O gesto inicial de Dom Bosco — estender a mão e proclamar “Nós dois faremos tudo meio a meio” — tornou-se o princípio organizador de toda uma existência. Mais que uma promessa, era um chamado à coautoria na obra divina, um convite para compartilhar não apenas alegrias, mas também fadigas, dúvidas e sofrimentos.
O que surpreende na trajetória de Miguel Rua é a radicalidade com que abraçou a obscuridade do serviço. Encontrava Deus não no extraordinário, mas no suor dos dias comuns: na sala de aula, no refeitório, no pátio com os pequenos limpa-chaminés de rostos enfarruscados.
Sua espiritualidade tinha o cheiro concreto da tinta dos manuscritos que copiava durante noites intermináveis, do pão partilhado com os órfãos, da água gelada com que lavava o rosto nas madrugadas siberianas de Turim. Essa era sua genialidade espiritual: perceber que o divino se revela justamente onde poucos o buscam — na fadiga aceita com amor.
A metáfora que Dom Bosco lhe ofereceu — a travessia do Mar Vermelho e do deserto rumo à Terra Prometida — tornou-se realidade palpável em sua vida. Miguel Rua atravessou o deserto do cansaço crônico, da administração de uma obra que crescia exponencialmente, do peso de ser sucessor de um santo. E enfrentou mares vermelhos de provações agudas: as calúnias que desencadearam a “caça ao padre”, a expulsão dos Salesianos da França e as mortes trágicas de missionários. Em nenhum momento vemos nele revolta ou amargura; apenas a aceitação serena de que o sofrimento é parte essencial do caminho de quem se entrega totalmente.

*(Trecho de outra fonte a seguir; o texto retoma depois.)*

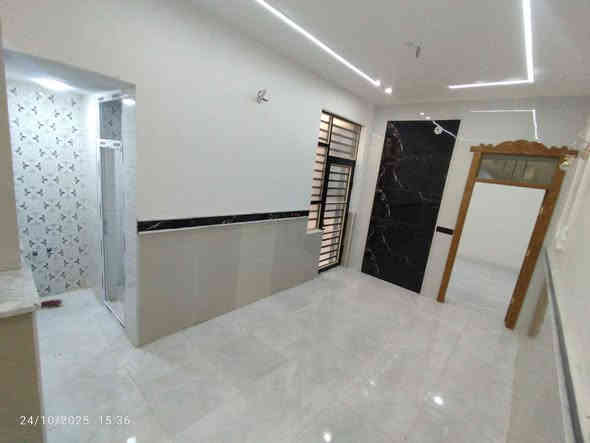 دار للبيع مساحه ١٠٠متر طابق ونص بناء حديث خريطه مفتوحه
مطلوب للمصرف ١٠٠ مليون 
تطلوعه ٤٥ مليون لمدة ٢٠ سنه 
مكتب بيعة الغدير 
***********
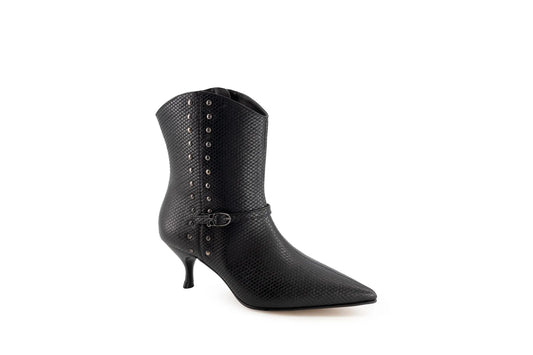 bota color negro  para mujer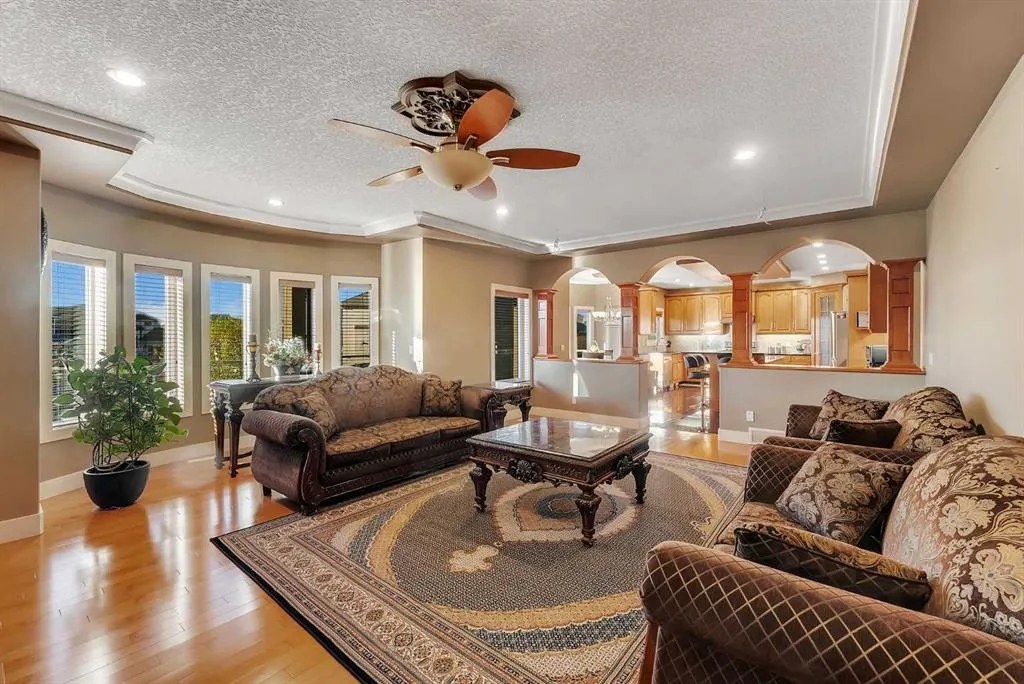 220 East Lakeview Place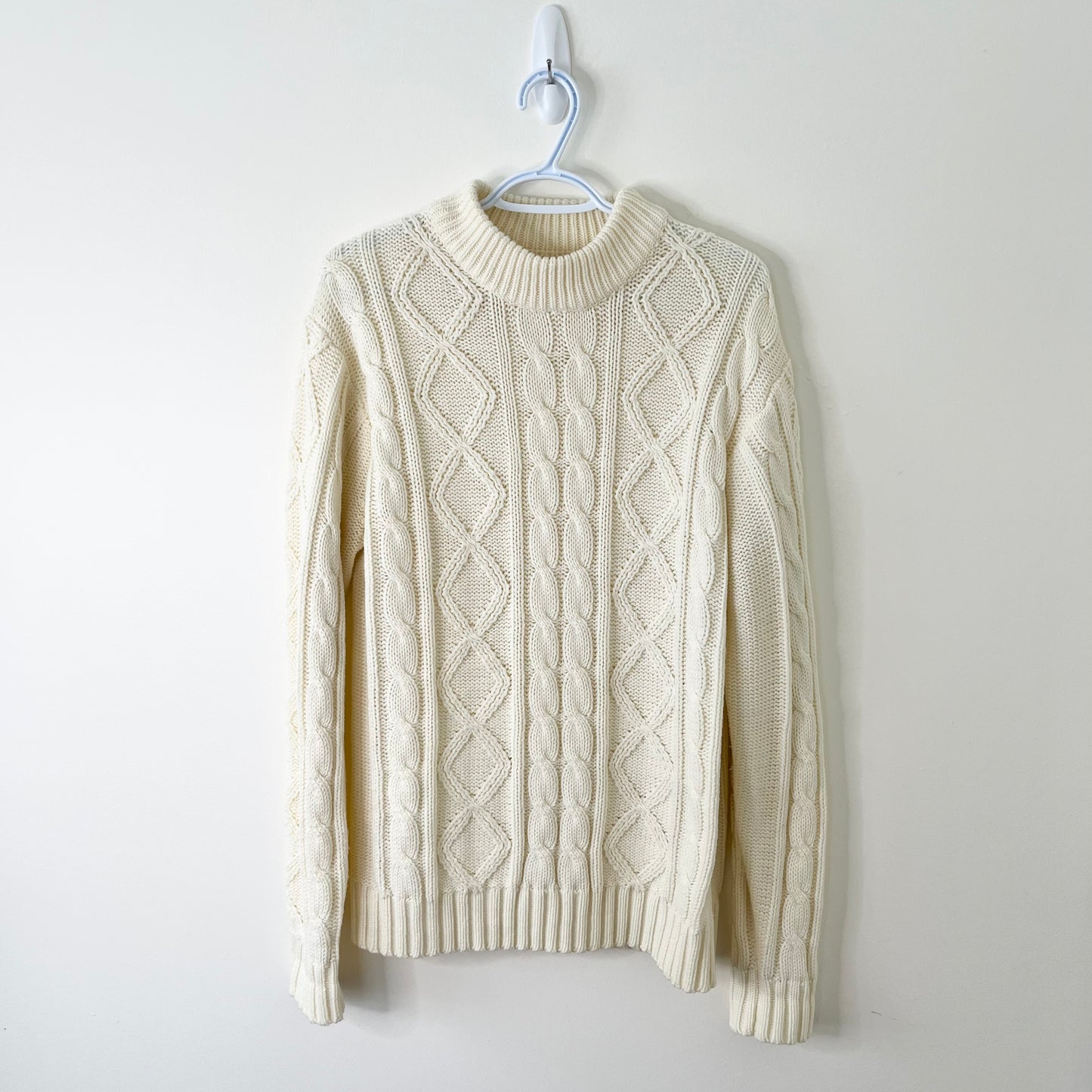 Vintage Cream Cable-Knit Sweater (XL)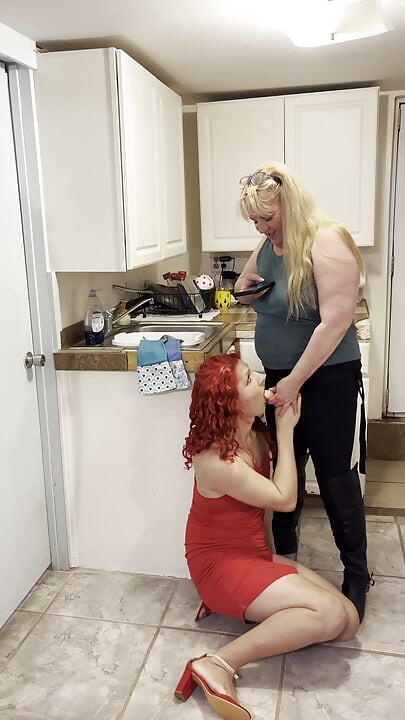 Crossdresser bailey wilde dientot gaya pegging sama wanita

Sua figura redefine o significado do discipulado autêntico. Quando, ajoelhado diante do corpo de Dom Bosco, suplica “Ajude-me a ser como o senhor”, não estamos diante de uma renúncia à própria identidade, mas da compreensão profunda de que a verdadeira originalidade consiste em ser fiel ao carisma recebido.
Seu gênio não estava na inovação, mas na fidelidade criativa que soube fazer frutificar a semente salesiana até os confins do mundo. Sob seu governo, a Congregação se multiplicou não porque ele buscasse grandezas, mas porque permaneceu fiel ao essencial.
O legado de Miguel Rua nos interpela sobre a qualidade da nossa própria fidelidade. Sobre nossa capacidade de honrar os pactos que assumimos, mesmo quando o entusiasmo inicial dá lugar à fadiga do longo prazo. Sobre nossa coragem de encontrar sentido não nos grandes gestos, mas na perseverança silenciosa. E sobre nossa habilidade de enxergar, como ele via o rosto de Cristo tanto no menino abandonado quanto no operário explorado, unindo, numa só caridade, o cuidado da alma e a transformação das estruturas sociais.
No fim, Miguel Rua permanece como um farol para todos os que buscam uma santidade ao alcance da condição humana, não feita de momentos sublimes, mas da tessitura paciente de cada dia, da fidelidade às pequenas coisas, da coragem de atravessar desertos confiando que, no final de todo o caminho, nos aguarda “a coisa mais bela de todas: o Paraíso”.